Johnny Metteko et Gee Gee Ramone à Medellin en Colombie

Gee Gee l’ancien m’a appris les Stooges, les New York Dolls, l’histoire, la politique et bien d’autres choses, moi je lui ai appris à voyager, sur le tard, quand il a arrêté de picoler. On a fait de fantastiques road trips à Cuba, en Colombie, en Biélorussie, en Arménie, en Géorgie, en Bulgarie, en Serbie, des pays qu’ils faut mériter, où derrière chaque galère se cache un moment merveilleux, là où les hommes ont la main ferme et le cœur généreux, là où les femmes sont dignes et coquines.
Je me souviens de la route entre Baracoa et Guantánamo, on a pris en stop deux mastodontes en bleu de travail – ça été son premier flash à Cuba de voir tous ces gars en bleu de travail, couverts de cambouis, ça lui rappelait son papa parti trop tôt – l’un baladait son coq la tête en bas et l’autre un grand sac en jute avec je n’sais quoi, ils pesaient facilement 500 livres ensemble, Gérard aimait compter en livres.
Autant vous dire que notre petite Hyundai trois portes a raclé le sol quand ils se sont serrés sur le siège arrière. Conversation:
Vous vous appelez comment ?
Vladimirrrr et Yosmany, et vous ?
Jean-Claude et Gérard (c’est déjà beaucoup moins sexy 😉 )
– Vous venez d’où ?
– De Belgique
Vous êtes Français ou Flamands ?
– Comment vous savez ça ? On est francophones de Bruxelles.
– J’ai appris ça à la télévision, sur la canal Educativo
Le frère enchaîne:
Moi je connaît Hairrrcoule Poyrrrrot, il est Belge non?
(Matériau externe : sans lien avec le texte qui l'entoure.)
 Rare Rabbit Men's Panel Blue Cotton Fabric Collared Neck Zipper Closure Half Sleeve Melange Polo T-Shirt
– Mais oui, comment tu sais ça ?
– J’ai lu le Crime de l’orient-Express, enfin la moitié, on se servait des pages comme papier de toilette.
– Et vous faites quoi dans la vie ?
– On travaille à l’usine, après on ramène aussi des victuailles de la campagne, pour arrondir les fins de mois, tu sais ici il faut inventer (se débrouiller). Et vous vous faites quoi ?
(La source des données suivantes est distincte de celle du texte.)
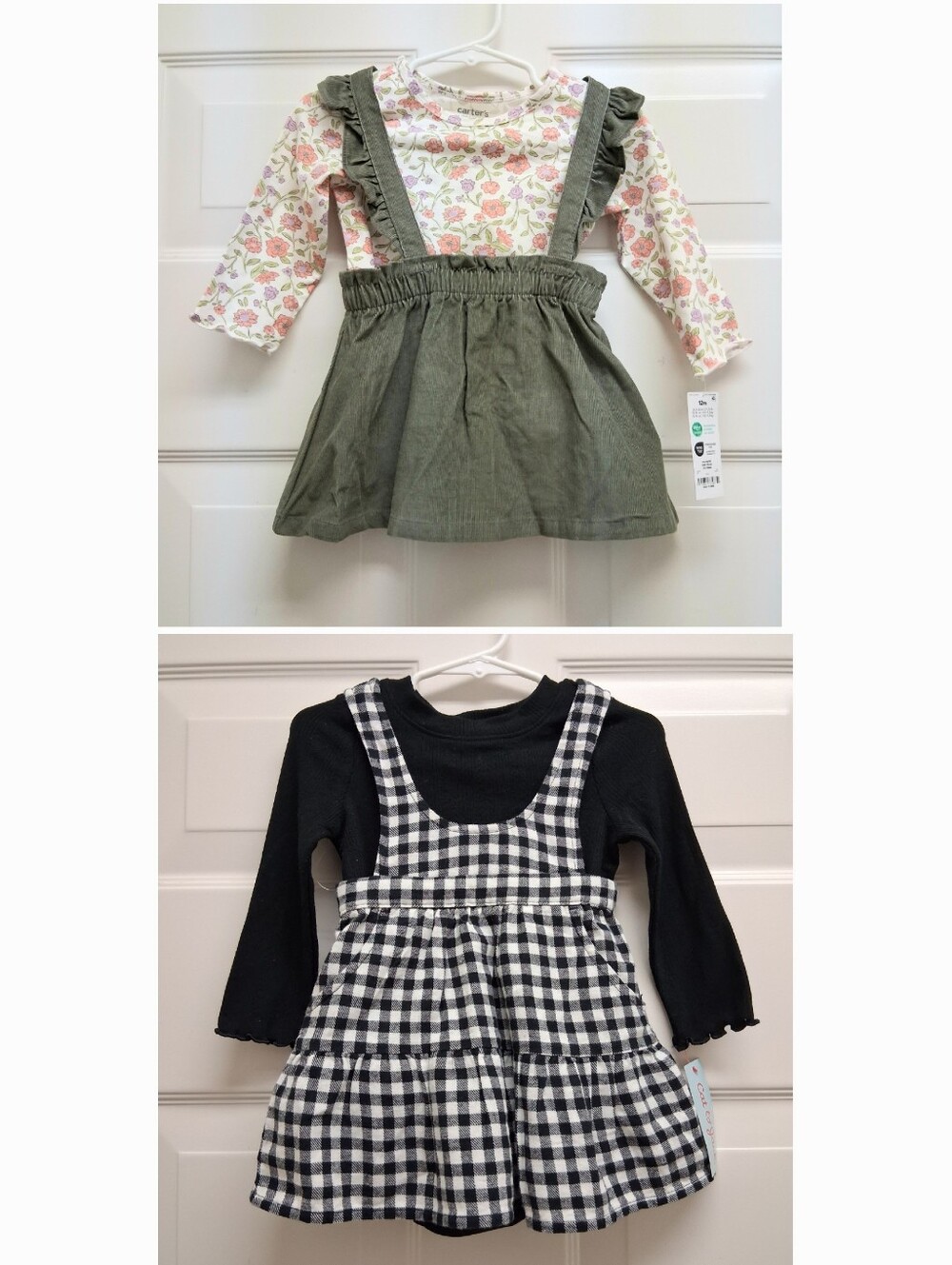 Carters Cat & Jack Jumper Pinafore Dress Lot of 2 Corduroy Floral Gingham 12M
Moi je suis bibliothécaire et mon copain est barman
L’homme au coq se gratte la tête et très sérieusement nous demande :
Ah bon ? Vous êtes homosexuels ?
On était pliés 😉 , faut dire qu’avec notre petite auto blanche et Gérard avec sa carte routière qu’il tourne et retourne dans tous les sens, on était déjà dans le cliché, nos professions ont fait les reste…
Ils nous ont invité chez eux, on a sifflé ensemble une bouteille de rhum avec leur pépé, assis avec son Pampers dans sa chaise roulante, il sifflait toutes les clopes à Gégé malgré sa trachéotomie, la fumée sortait de partout, de la gorge, du nez et même des oreilles, comme à l’usine des gamins.
Au moment de prendre la route, on s’est serrés dans les bras et promis une amitié éternelle. Des rencontres comme ça on en a fait tant et plus, et ça n’était pas fini, on avait aussi des projets, on rêvait de la Nouvelle Orléans et de Chicago, de la Russie et de son Transibérien, manger un croque à Vladivostok, imagine… Ou descendre la Volga, moi la vodka, jusqu’à la mère Caspienne… Mais toi aussi t’es parti trop tôt mon ami, il y a presqu’un an, avec tous nos souvenirs, bien rangés dans ta tête de mule, alors que chez moi c’est le brouillard, le plat pays.